Prof. Diabo
Já o padre António Vieira dizia, no «Sermão dos Cativos», que até com o Diabo se tem de aprender. Lembro isto a propósito da crónica de Vasco Graça Moura no Diário de Notícias (11.1.2006), absolutamente virulenta, ácida, desproporcionada — mas dada numa escrita muito vernácula, sobrecarregada, retorcida — contra Mário Soares. Tudo sem nunca o nomear. A verdade é que, sendo VGM um grande escritor, por vezes um autêntico prestidigitador verbal, também desliza para as inépcias, pois escreve várias vezes, ou não fosse o título «A má disposição», «mal disposto». «Ele acordou muito mal disposto», escreve. Erro o dele: a começar pelo Vocabulário de Rebelo Gonçalves, todos os dicionários registam «maldisposto», que é o particípio passado do verbo maldispor.

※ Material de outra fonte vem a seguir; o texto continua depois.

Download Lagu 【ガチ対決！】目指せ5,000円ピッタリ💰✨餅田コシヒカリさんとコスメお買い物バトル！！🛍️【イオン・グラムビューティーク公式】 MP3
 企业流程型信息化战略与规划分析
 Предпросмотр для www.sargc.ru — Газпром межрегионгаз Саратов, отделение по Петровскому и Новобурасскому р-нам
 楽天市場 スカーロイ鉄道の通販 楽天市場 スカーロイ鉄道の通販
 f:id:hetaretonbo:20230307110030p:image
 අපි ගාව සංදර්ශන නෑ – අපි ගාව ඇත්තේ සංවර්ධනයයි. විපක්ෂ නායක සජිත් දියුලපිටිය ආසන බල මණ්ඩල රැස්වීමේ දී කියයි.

Claro que, nos jornais, os revisores se genuflectem perante o mestre, acatando-lhe mui respeitosamente os sagrados erros. Imbuídos da filosofia de Ortega y Gasset, que definiu o estilo como «la peculiar manera que en cada autor hay de desrealizar las cosas», suspeitam que é ou uma liberdade poética ou uma busca de sentido que lhes escapa inteiramente, escapando à gramática. Ajoujados pelo peso da estarem a rever um texto do génio, nunca suspeitam que o homem não é perfeitamente infalível. Sacrificam a ortografia à humildade, prestando assim um péssimo serviço à língua e aos leitores.